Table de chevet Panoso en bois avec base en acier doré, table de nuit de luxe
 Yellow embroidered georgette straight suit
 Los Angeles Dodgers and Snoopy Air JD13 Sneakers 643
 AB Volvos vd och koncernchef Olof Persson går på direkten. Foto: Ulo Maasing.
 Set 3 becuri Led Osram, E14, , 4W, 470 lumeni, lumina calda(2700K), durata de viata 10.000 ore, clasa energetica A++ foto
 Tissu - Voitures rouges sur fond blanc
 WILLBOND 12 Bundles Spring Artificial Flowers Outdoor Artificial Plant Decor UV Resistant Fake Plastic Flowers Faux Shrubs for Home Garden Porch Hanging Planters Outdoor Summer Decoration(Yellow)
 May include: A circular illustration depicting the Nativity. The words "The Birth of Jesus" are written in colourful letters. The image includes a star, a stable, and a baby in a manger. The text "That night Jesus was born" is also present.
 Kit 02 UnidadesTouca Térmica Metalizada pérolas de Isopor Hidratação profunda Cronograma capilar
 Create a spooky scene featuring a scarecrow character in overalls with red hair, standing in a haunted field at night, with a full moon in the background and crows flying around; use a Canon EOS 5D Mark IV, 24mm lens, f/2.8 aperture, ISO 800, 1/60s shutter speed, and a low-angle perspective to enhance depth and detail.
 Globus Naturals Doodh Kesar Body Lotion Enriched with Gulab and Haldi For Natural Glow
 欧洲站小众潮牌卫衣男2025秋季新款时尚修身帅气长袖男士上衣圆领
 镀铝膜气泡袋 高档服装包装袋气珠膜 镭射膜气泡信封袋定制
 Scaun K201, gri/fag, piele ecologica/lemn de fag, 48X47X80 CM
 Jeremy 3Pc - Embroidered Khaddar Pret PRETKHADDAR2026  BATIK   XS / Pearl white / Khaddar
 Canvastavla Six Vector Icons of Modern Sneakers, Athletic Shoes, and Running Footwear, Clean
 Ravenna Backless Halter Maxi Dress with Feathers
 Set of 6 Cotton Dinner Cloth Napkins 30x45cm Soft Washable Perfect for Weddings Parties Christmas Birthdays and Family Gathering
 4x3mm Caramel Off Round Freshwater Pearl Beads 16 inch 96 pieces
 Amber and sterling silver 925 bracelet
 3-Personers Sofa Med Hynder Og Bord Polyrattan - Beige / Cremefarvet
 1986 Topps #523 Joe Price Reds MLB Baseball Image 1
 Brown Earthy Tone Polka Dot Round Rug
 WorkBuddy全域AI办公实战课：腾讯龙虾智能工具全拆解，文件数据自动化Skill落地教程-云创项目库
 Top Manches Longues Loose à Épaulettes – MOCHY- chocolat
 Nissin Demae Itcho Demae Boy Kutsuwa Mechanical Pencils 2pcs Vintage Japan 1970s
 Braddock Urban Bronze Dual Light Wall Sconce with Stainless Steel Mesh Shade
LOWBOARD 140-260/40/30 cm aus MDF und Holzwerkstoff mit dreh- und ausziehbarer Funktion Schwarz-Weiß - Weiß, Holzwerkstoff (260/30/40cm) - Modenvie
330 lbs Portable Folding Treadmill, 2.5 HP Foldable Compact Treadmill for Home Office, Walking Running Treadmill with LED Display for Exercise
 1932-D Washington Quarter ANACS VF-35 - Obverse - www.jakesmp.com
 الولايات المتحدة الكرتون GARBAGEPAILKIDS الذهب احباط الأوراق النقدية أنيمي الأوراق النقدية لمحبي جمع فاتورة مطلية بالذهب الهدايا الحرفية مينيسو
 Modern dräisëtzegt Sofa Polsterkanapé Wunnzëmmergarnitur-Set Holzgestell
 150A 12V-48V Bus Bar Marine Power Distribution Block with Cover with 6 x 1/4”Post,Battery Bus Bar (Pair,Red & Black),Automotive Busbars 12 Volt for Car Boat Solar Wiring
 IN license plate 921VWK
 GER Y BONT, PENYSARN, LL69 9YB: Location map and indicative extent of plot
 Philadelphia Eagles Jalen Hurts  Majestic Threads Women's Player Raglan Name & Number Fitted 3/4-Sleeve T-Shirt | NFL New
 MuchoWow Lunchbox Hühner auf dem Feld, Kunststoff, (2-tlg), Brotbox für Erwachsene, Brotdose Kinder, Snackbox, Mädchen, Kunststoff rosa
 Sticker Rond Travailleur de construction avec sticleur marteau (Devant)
★ ★ ★ ★
* _Your task_
Would you please write out the entire listing exactly?

* _Answer space_
Table de chevet Panoso en bois avec base en acier doré, table de nuit de luxe
 Yellow embroidered georgette straight suit
 Los Angeles Dodgers and Snoopy Air JD13 Sneakers 643
 AB Volvos vd och koncernchef Olof Persson går på direkten. Foto: Ulo Maasing.
 Set 3 becuri Led Osram, E14, , 4W, 470 lumeni, lumina calda(2700K), durata de viata 10.000 ore, clasa energetica A++ foto
 Tissu - Voitures rouges sur fond blanc
 WILLBOND 12 Bundles Spring Artificial Flowers Outdoor Artificial Plant Decor UV Resistant Fake Plastic Flowers Faux Shrubs for Home Garden Porch Hanging Planters Outdoor Summer Decoration(Yellow)
 May include: A circular illustration depicting the Nativity. The words "The Birth of Jesus" are written in colourful letters. The image includes a star, a stable, and a baby in a manger. The text "That night Jesus was born" is also present.
 Kit 02 UnidadesTouca Térmica Metalizada pérolas de Isopor Hidratação profunda Cronograma capilar
 Create a spooky scene featuring a scarecrow character in overalls with red hair, standing in a haunted field at night, with a full moon in the background and crows flying around; use a Canon EOS 5D Mark IV, 24mm lens, f/2.8 aperture, ISO 800, 1/60s shutter speed, and a low-angle perspective to enhance depth and detail.
 Globus Naturals Doodh Kesar Body Lotion Enriched with Gulab and Haldi For Natural Glow
 欧洲站小众潮牌卫衣男2025秋季新款时尚修身帅气长袖男士上衣圆领
 镀铝膜气泡袋 高档服装包装袋气珠膜 镭射膜气泡信封袋定制
 Scaun K201, gri/fag, piele ecologica/lemn de fag, 48X47X80 CM
 Jeremy 3Pc - Embroidered Khaddar Pret PRETKHADDAR2026  BATIK   XS / Pearl white / Khaddar
 Canvastavla Six Vector Icons of Modern Sneakers, Athletic Shoes, and Running Footwear, Clean
 Ravenna Backless Halter Maxi Dress with Feathers
 Set of 6 Cotton Dinner Cloth Napkins 30x45cm Soft Washable Perfect for Weddings Parties Christmas Birthdays and Family Gathering
 4x3mm Caramel Off Round Freshwater Pearl Beads 16 inch 96 pieces
 Amber and sterling silver 925 bracelet
 3-Personers Sofa Med Hynder Og Bord Polyrattan - Beige / Cremefarvet
 1986 Topps #523 Joe Price Reds MLB Baseball Image 1
 Brown Earthy Tone Polka Dot Round Rug
 WorkBuddy全域AI办公实战课：腾讯龙虾智能工具全拆解，文件数据自动化Skill落地教程-云创项目库
 Top Manches Longues Loose à Épaulettes – MOCHY- chocolat
 Nissin Demae Itcho Demae Boy Kutsuwa Mechanical Pencils 2pcs Vintage Japan 1970s
 Braddock Urban Bronze Dual Light Wall Sconce with Stainless Steel Mesh Shade
LOWBOARD 140-260/40/30 cm aus MDF und Holzwerkstoff mit dreh- und ausziehbarer Funktion Schwarz-Weiß - Weiß, Holzwerkstoff (260/30/40cm) - Modenvie
330 lbs Portable Folding Treadmill, 2.5 HP Foldable Compact Treadmill for Home Office, Walking Running Treadmill with LED Display for Exercise
 1932-D Washington Quarter ANACS VF-35 - Obverse - www.jakesmp.com
 الولايات المتحدة الكرتون GARBAGEPAILKIDS الذهب احباط الأوراق النقدية أنيمي الأوراق النقدية لمحبي جمع فاتورة مطلية بالذهب الهدايا الحرفية مينيسو
 Modern dräisëtzegt Sofa Polsterkanapé Wunnzëmmergarnitur-Set Holzgestell
 150A 12V-48V Bus Bar Marine Power Distribution Block with Cover with 6 x 1/4”Post,Battery Bus Bar (Pair,Red & Black),Automotive Busbars 12 Volt for Car Boat Solar Wiring
 IN license plate 921VWK
 GER Y BONT, PENYSARN, LL69 9YB: Location map and indicative extent of plot
 Philadelphia Eagles Jalen Hurts  Majestic Threads Women's Player Raglan Name & Number Fitted 3/4-Sleeve T-Shirt | NFL New
 MuchoWow Lunchbox Hühner auf dem Feld, Kunststoff, (2-tlg), Brotbox für Erwachsene, Brotdose Kinder, Snackbox, Mädchen, Kunststoff rosa
 Sticker Rond Travailleur de construction avec sticleur marteau (Devant)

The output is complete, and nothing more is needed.